The late Harry Browne summed it up thusly.....
There are far more significant days in the year:
- Labor Day, when we pretend to care about other people’s jobs while frolicking at the beach.
- Election Day, when we pretend we’re making a difference by voting.
- Flag Day, when we pretend the government is America.
- Veterans Day, formerly Armistice Day, when we pretended that World War I made the world safe for democracy.
- National Teachers Day, when we pretend our children are getting an education.
- Earth Day, when we pretend that making the government more powerful will make the environment cleaner.
- United Nations Day, when we pretend to believe all those inane statements about world peace.
The Constitution was supposed to spell out what government can do and what it can’t do. The government’s few legal functions are listed in Article 1, Section 8. It was a revolutionary document, in that no government in history had ever had its duties and restrictions so carefully defined.

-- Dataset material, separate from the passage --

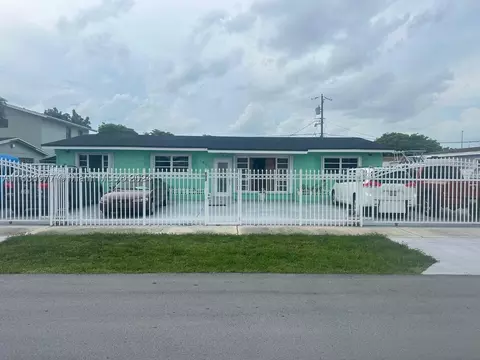 801 NW 171st Ter, Miami Gardens, FL 33169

Despite frequent violations of the Constitution by the government, the document did its job reasonably well for the first hundred years — making America the freest country in history.
As late as 1887, when Congress passed a bill providing federal relief to drought-stricken Texas farmers, Grover Cleveland vetoed it, saying,
"I can find no warrant for such an appropriation in the Constitution."
But that was about the last gasp for limited, Constitutional government. Because the Constitution wasn’t self-enforcing, it depended on the good intentions of politicians, something Thomas Jefferson specifically warned against in 1798 when he said.....
"In questions of power, then, let no more be heard of confidence in man, but bind him down from mischief by the chains of the Constitution."
Whole thing here.
TWC believes that the American southwest saw the freest time in America. From the close of the Civil War until the advent of Jim Crow and the Income Tax Amendment, roughly 1865-1913, we were a free and prosperous people. It was a time when no government agent demanded your papers, there was no income tax, all the vices were legal or tolerated, your property was yours, and money had value and stability over time.